# [WORK TO COMPLETE]
Using the records below, reproduce exactly the lines from the one containing "GOL | Fenerbahçe 4-0 Adanaspor" through the end, and nothing more; skip the images.

# [Image-text web data]
----
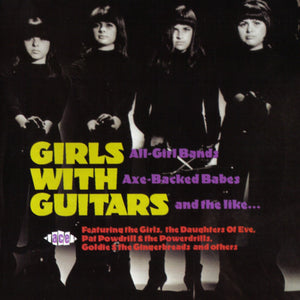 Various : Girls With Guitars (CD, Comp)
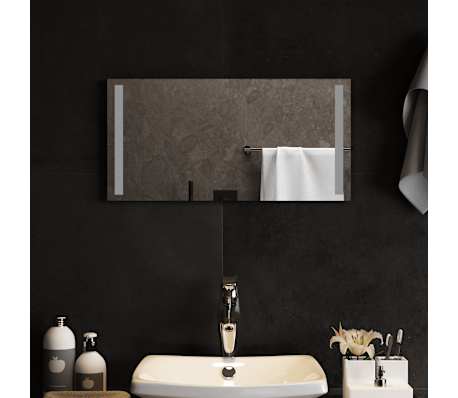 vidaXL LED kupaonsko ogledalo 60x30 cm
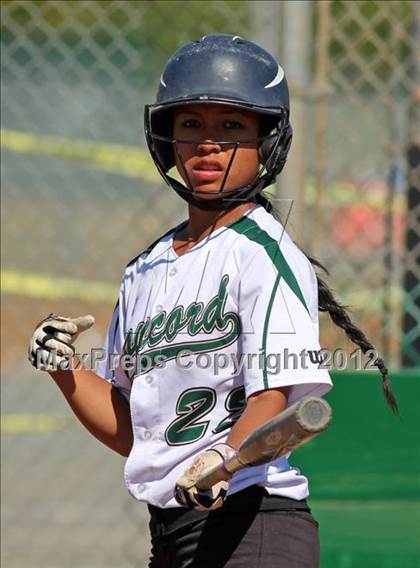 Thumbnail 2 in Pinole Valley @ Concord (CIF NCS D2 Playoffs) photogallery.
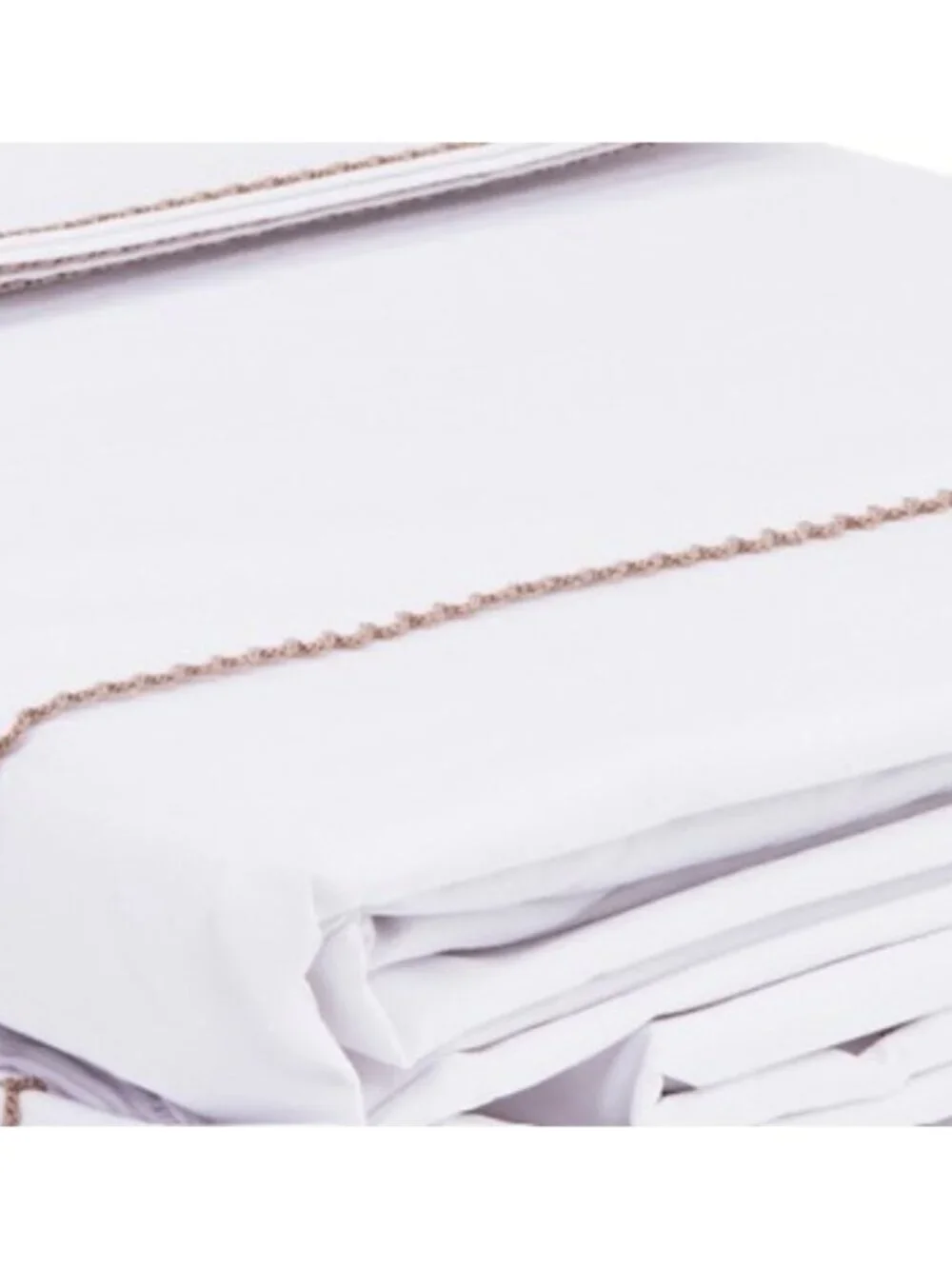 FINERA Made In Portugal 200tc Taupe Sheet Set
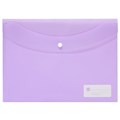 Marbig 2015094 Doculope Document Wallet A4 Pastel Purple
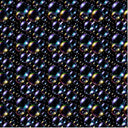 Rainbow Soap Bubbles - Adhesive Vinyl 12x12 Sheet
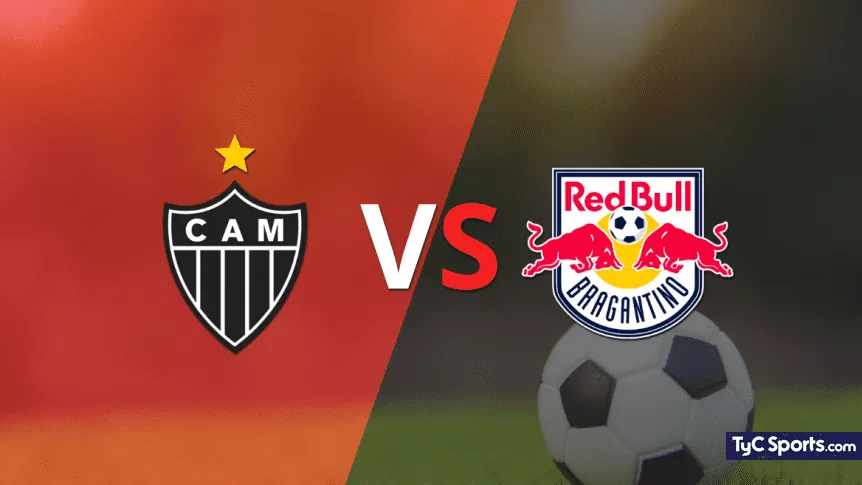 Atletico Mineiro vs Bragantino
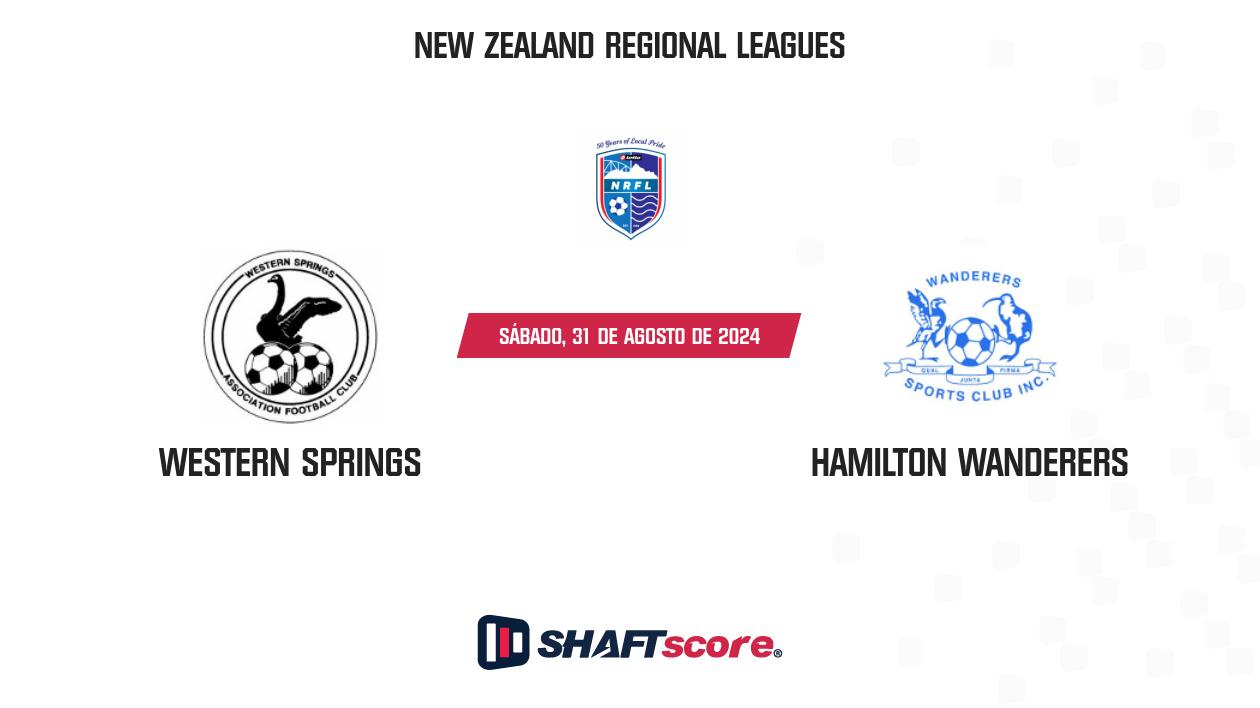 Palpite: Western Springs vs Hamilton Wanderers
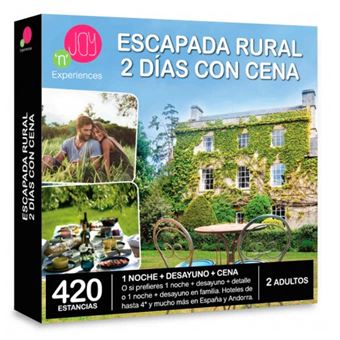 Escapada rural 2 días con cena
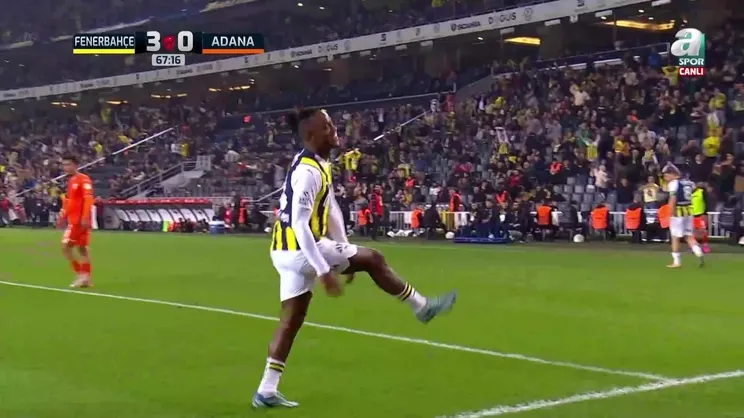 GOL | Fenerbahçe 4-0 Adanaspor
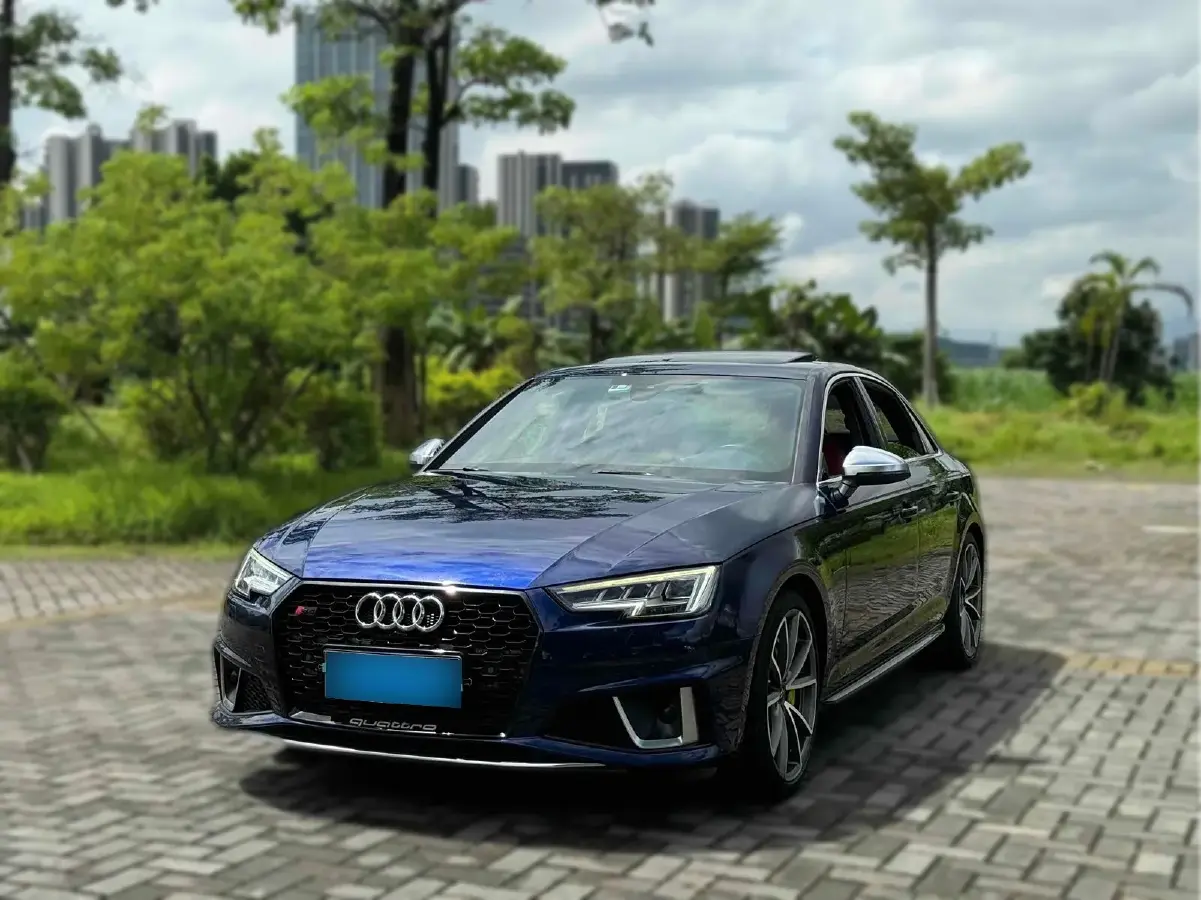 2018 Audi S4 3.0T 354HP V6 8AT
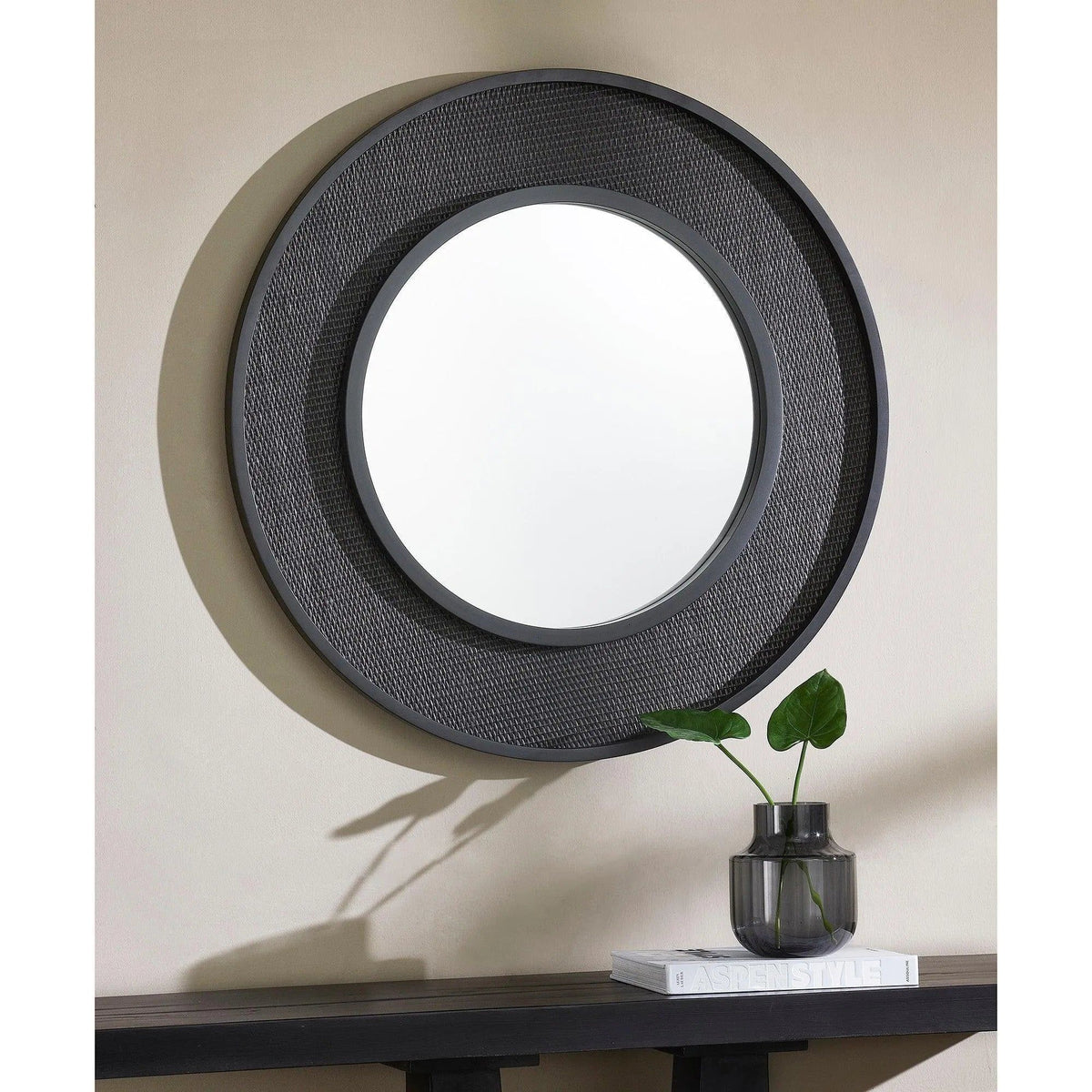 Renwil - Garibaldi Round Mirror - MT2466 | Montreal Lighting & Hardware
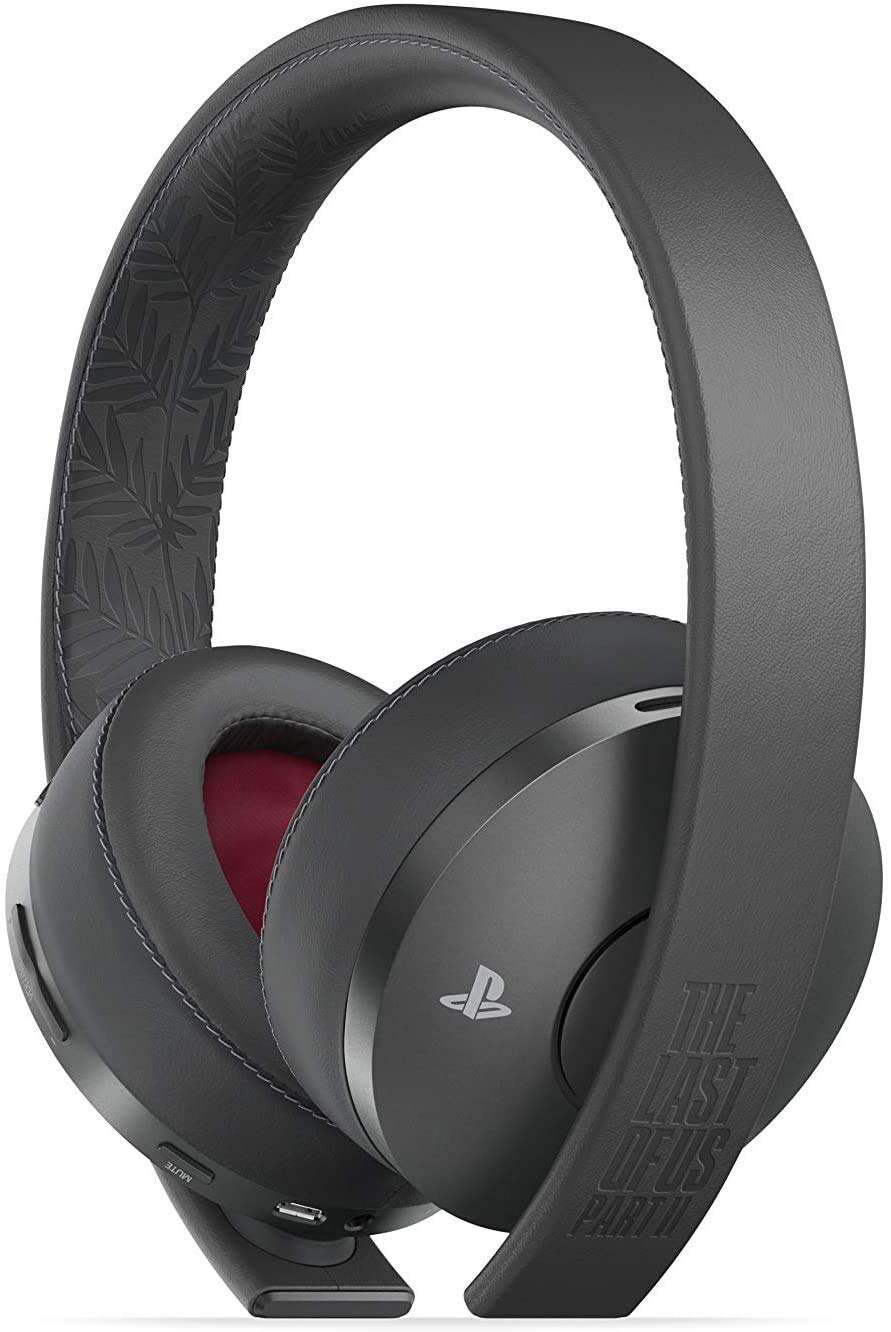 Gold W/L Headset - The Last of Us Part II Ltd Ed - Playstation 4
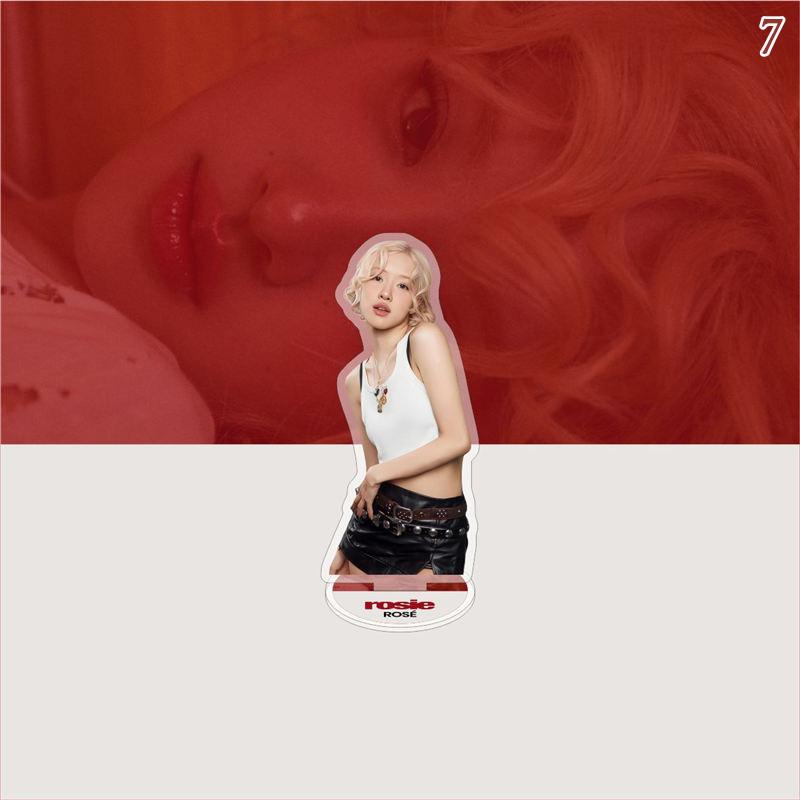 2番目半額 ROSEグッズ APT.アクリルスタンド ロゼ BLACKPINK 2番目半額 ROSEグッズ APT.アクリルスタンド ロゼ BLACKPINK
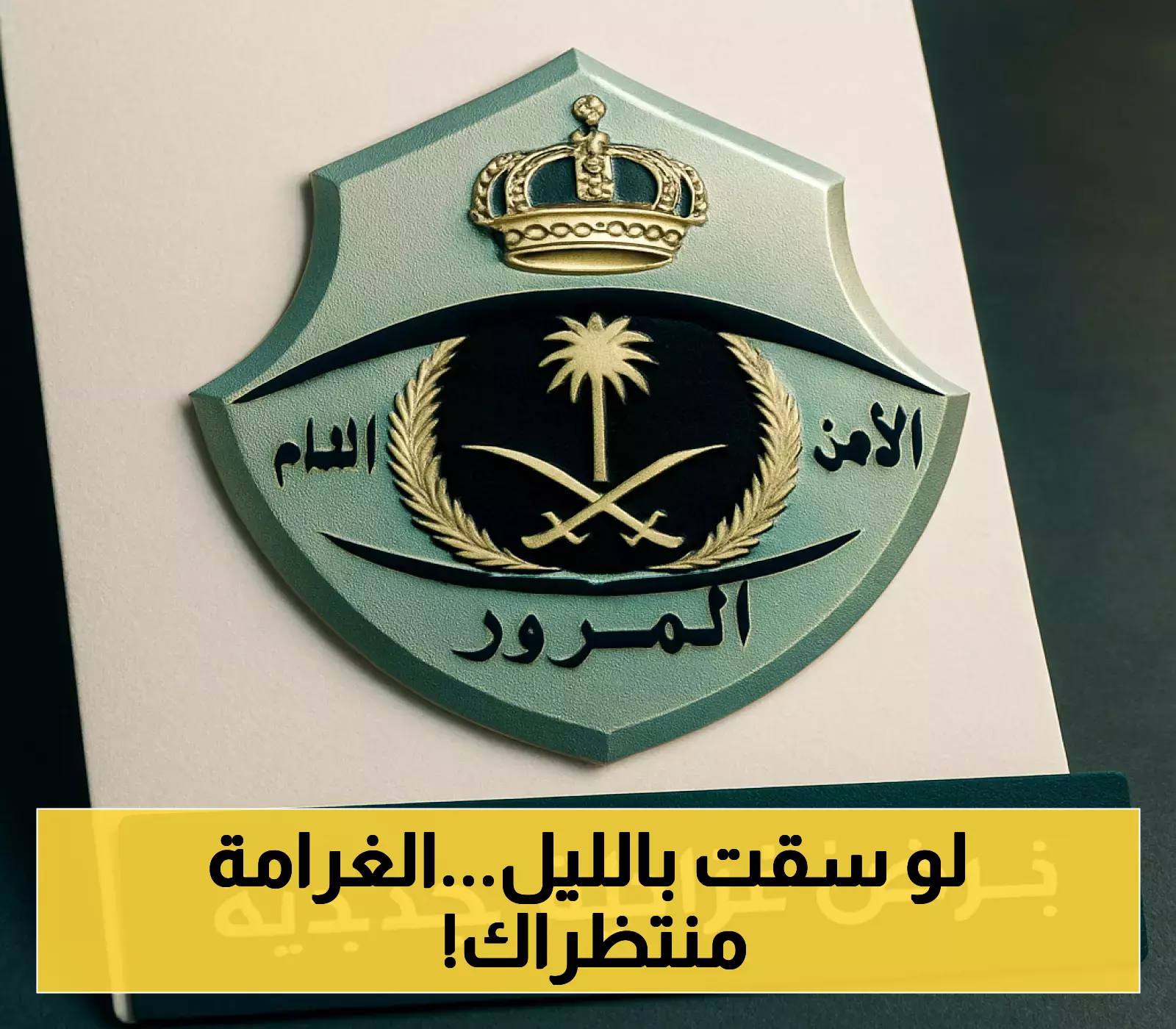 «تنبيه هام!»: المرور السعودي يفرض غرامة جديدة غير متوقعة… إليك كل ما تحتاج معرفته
----
# [SOLUTION TO THE PROBLEM]
 GOL | Fenerbahçe 4-0 Adanaspor
 2018 Audi S4 3.0T 354HP V6 8AT
 Renwil - Garibaldi Round Mirror - MT2466 | Montreal Lighting & Hardware
 Gold W/L Headset - The Last of Us Part II Ltd Ed - Playstation 4
 2番目半額 ROSEグッズ APT.アクリルスタンド ロゼ BLACKPINK 2番目半額 ROSEグッズ APT.アクリルスタンド ロゼ BLACKPINK
 «تنبيه هام!»: المرور السعودي يفرض غرامة جديدة غير متوقعة… إليك كل ما تحتاج معرفته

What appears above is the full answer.